Australia
15 May 2018
Moving into a new phase of growth, it is very clear that the Australian repo market is very much on the march
Image: Shutterstock
The Australian repo market is moving into a new phase of growth. This is one of the striking remarks to emerge from conversation with experienced market participants on the subject of how the local market compares with other developed markets.
Australian repo might be slightly behind the times, local practitioners concede, but it is in catch-up mode, and this catch-up could happen relatively quickly.
Hugh Leonard, director of repo sales at ANZ in Sydney, sees the current phase as a growth story linked to the increased issuance of government bonds in the wake of the global financial crisis. The synchronised adoption of lower official interest rates in most of the world has also contributed to the growth.
Issuance across Australian Government Securities (AGS), the bedrock of the repo market, has seen a significant increase from just AUD $60 billion in March 2008 to over AUD $525 billion as of late.
Austraclear, the local central securities depository, has approximately AUD $2 trillion fixed income issuance on its books. This represents a near doubling in a decade.
Australia’s attractions
The increased issuance and associated improved liquidity has attracted a growing range of domestic and offshore institutional involvement to the local bond market. The roster of investors now features domestic and offshore banks, sovereign wealth funds, central banks, hedge funds and other asset managers. For domestic investors subject to domestic risk and liquidity rules, Australian government debt is the risk-free paper of choice.

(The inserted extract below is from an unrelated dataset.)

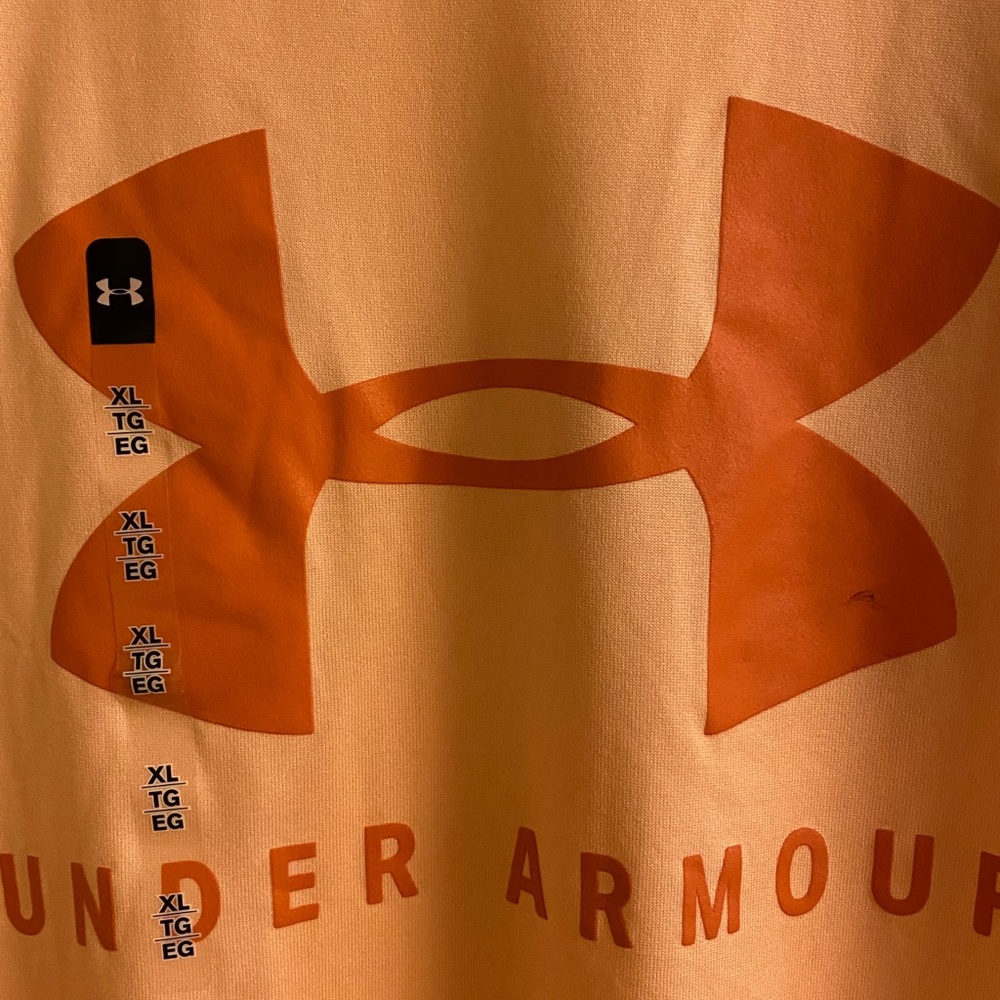 Under Armour Lightweight short sleeve shirt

Offshore investors are attracted by the combination of the AAA rating of AGS, the traditional yield pick-ups on offer, political stability, broader economic maturity and liquidity.
Each of the above will have differing funding requirements. Hedge funds generally seek to fund their holdings via repo, whereas sovereign wealth funds may simply buy and hold, meaning they have less of a funding requirement or even none at all.
One repo trader describes Australia as a fairly liquid repo market onshore in government and semi-government bonds with liquidity up to three months on the street.
The major cash provider is the Reserve Bank of Australia (RBA), which has daily open market operations (OMO) and uses mainly reverse repo of RBA eligible securities as the product of choice to keep appropriate liquidity in the Australian banking system, he notes.
According to the RBA, the gross size of the Australian dollar repo market was calculated to be worth AUD $193 billion in December 2017, approximately three times larger than its 2009 size.
However, this additional funding demand is occurring at a time when banks have less capacity to offer funding due to balance sheet limitations driven by liquidity and capital regulation.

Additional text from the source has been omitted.